Have you ever thought about how we come to form beliefs and develop expectations? Certainly our family of origin influences our perspective. All that we have learned affects our beliefs and suggest our behavioral responses to what we observe.

We experience all of life–all of the material world and that which is inside us–through the eyes of our personal frame of reference, our World View. When something we observe is so very different from what we learned, what we know to be true, we experience cognitive dissonance. Cognitive dissonance feels like inner conflict and disbelief. Your mind would express it with a question, such as “how can this be possible?”

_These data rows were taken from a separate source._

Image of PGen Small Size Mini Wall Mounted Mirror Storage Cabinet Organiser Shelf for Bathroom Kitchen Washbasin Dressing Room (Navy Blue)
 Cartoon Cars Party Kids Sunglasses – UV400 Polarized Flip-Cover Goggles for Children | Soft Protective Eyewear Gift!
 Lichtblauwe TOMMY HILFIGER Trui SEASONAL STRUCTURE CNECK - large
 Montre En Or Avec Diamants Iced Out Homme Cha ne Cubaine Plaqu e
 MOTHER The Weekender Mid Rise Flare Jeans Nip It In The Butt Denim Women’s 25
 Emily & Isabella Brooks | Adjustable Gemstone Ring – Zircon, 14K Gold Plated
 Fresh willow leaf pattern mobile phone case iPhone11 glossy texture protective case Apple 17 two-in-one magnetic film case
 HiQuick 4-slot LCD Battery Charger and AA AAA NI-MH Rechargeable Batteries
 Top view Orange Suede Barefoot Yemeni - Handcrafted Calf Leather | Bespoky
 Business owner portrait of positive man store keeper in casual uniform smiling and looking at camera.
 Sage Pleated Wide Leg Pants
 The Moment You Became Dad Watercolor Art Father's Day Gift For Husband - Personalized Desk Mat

Our learning and the development of our World View begins at birth with our biological mother and the rest of our family of origin, whatever the makeup. What we have learned is either reinforced or challenged with every new or mundane experience.

This is the psychology of learning, and it relates directly to our personal relationships. For example:

  • If a mother holds and feeds her baby immediately after birth and with regularity afterward, the infant learns trust for mother and feels safe in the world. If the mother stops holding and feeding her infant because she is sick or injured or absent, what the infant has learned is now challenged and the trust diminishes. If the mother resumes holding and feeding the child, the child may learn to trust the mother again if she is consistent in so doing.
  • If the father of a 5-year-old girl consistently comes home from work every evening and gives her a hug and a smile and a kiss on the cheek, the girl trusts that daddy loves her and is happy to see her. Her frame of reference taught her to expect daddy to come home and display affection. If the father stops coming home after work, or comes home but stops his display of affection for her, she will experience cognitive dissonance.  Her question will be “how is this possible that daddy doesn’t want to hug me?”

–More to come on this topic, soon–

(This, I originally wrote on July 25, 2015. I got sidetracked and saved it as a draft but forgot it until now, January 31, 2016, when making website updates.)